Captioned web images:
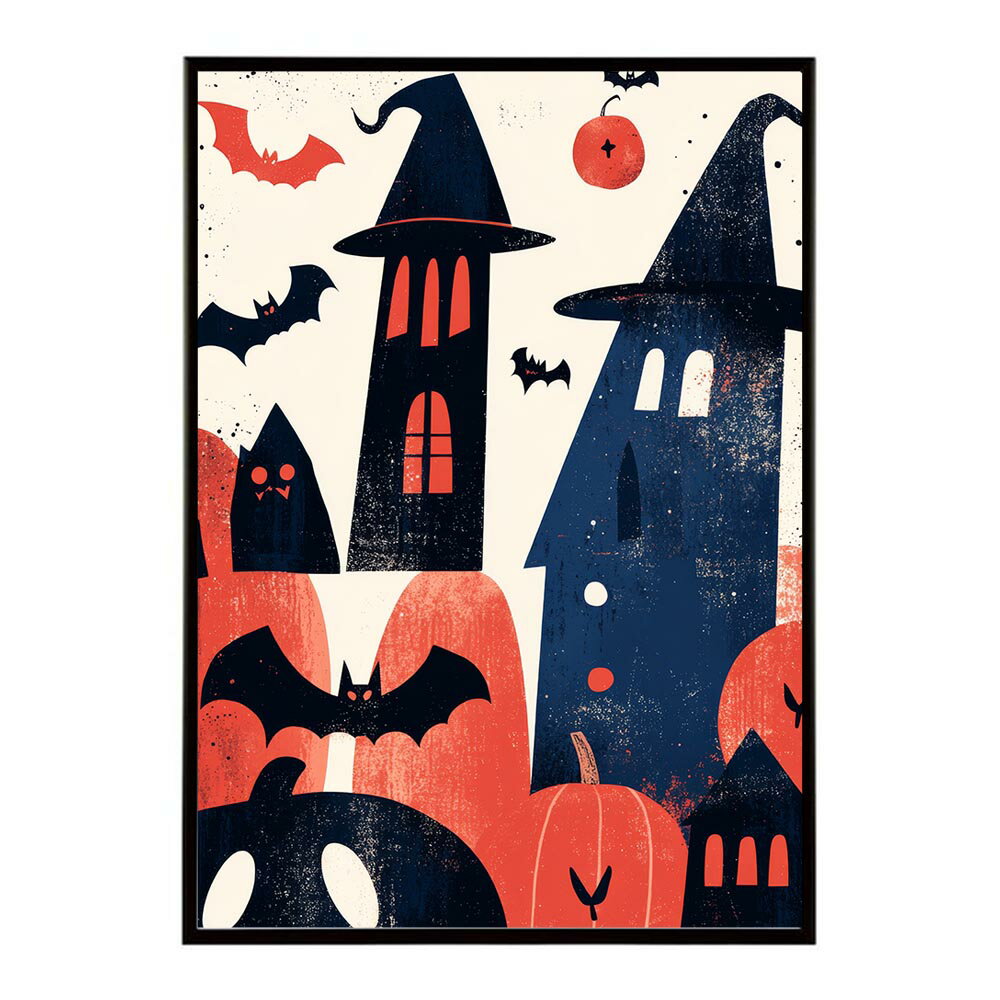 Rakuten - ハロウィン halloween ハロウィーン カボチャ ジャックオーランタン イベント 季節 子供 オレンジ 秋 ポスター 用紙とサイズが選べる インテリア おしゃれ プリントポスター フォト イラスト お洒落 特大 大きい【lh-poster-9768】
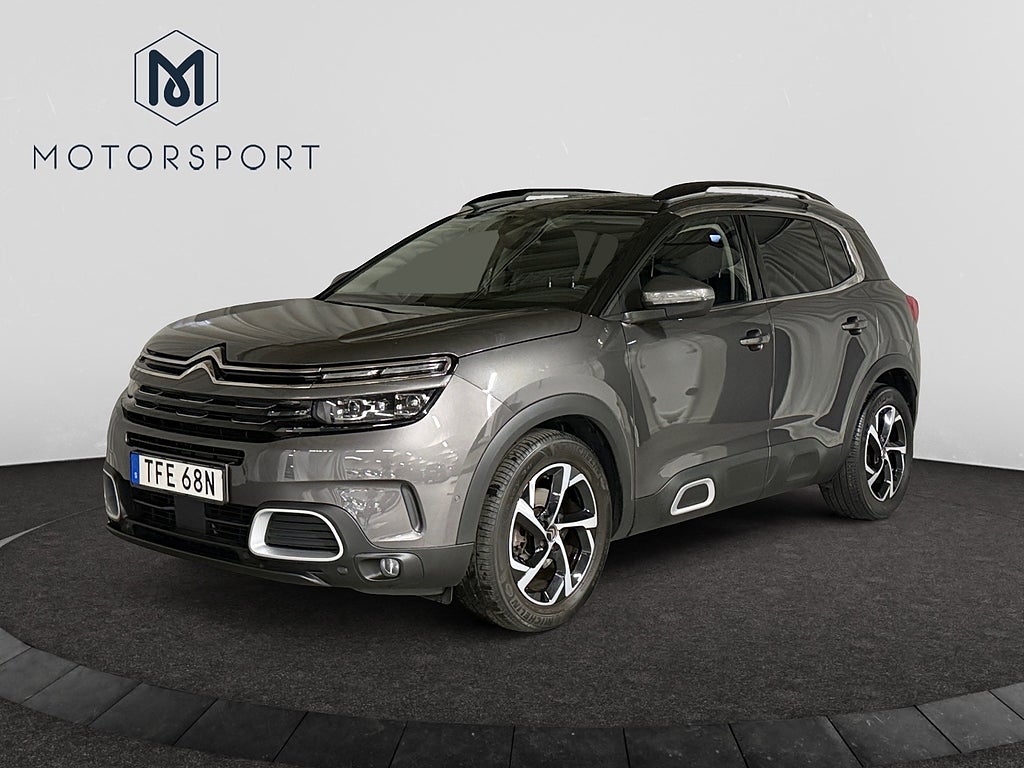 Citroen C5 Aircross 1.6 PT 180hk Aut Dragkrok Panorama Navigation El-stol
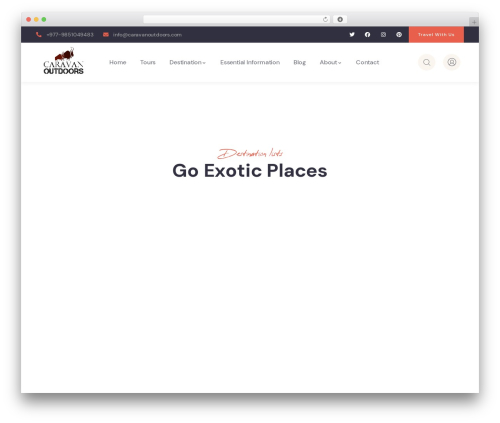 Tevily themer WordPress plugin - caravanoutdoors.com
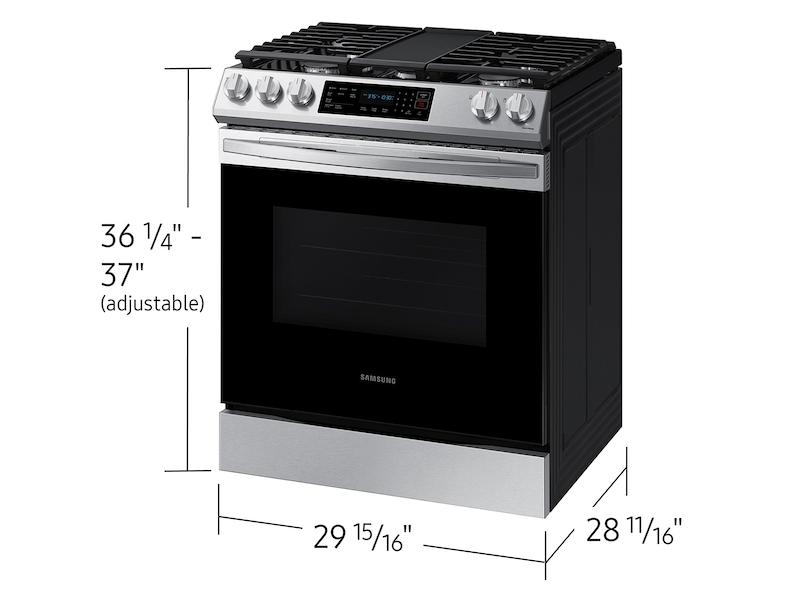 Samsung 6.0 cu. ft. Smart Slide-in Gas Range with Air Fry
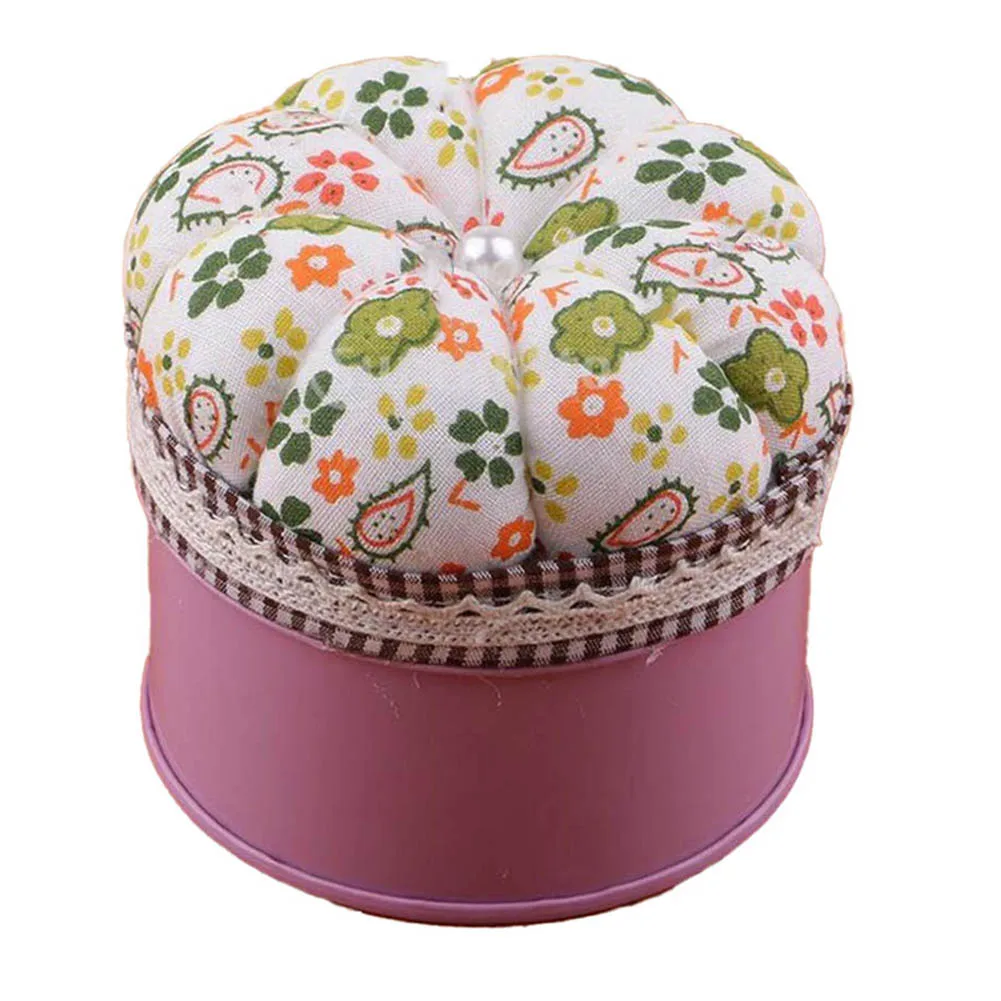 1x  pincushion and Sewing supplies storage box Floral DIY sewing tools Home cross-stitch sewing accessories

| Exercise goal |
In the copy, omit the pictures and give every line of the data exactly.

| Exercise response |
 Rakuten - ハロウィン halloween ハロウィーン カボチャ ジャックオーランタン イベント 季節 子供 オレンジ 秋 ポスター 用紙とサイズが選べる インテリア おしゃれ プリントポスター フォト イラスト お洒落 特大 大きい【lh-poster-9768】
 Citroen C5 Aircross 1.6 PT 180hk Aut Dragkrok Panorama Navigation El-stol
 Tevily themer WordPress plugin - caravanoutdoors.com
 Samsung 6.0 cu. ft. Smart Slide-in Gas Range with Air Fry
 1x  pincushion and Sewing supplies storage box Floral DIY sewing tools Home cross-stitch sewing accessories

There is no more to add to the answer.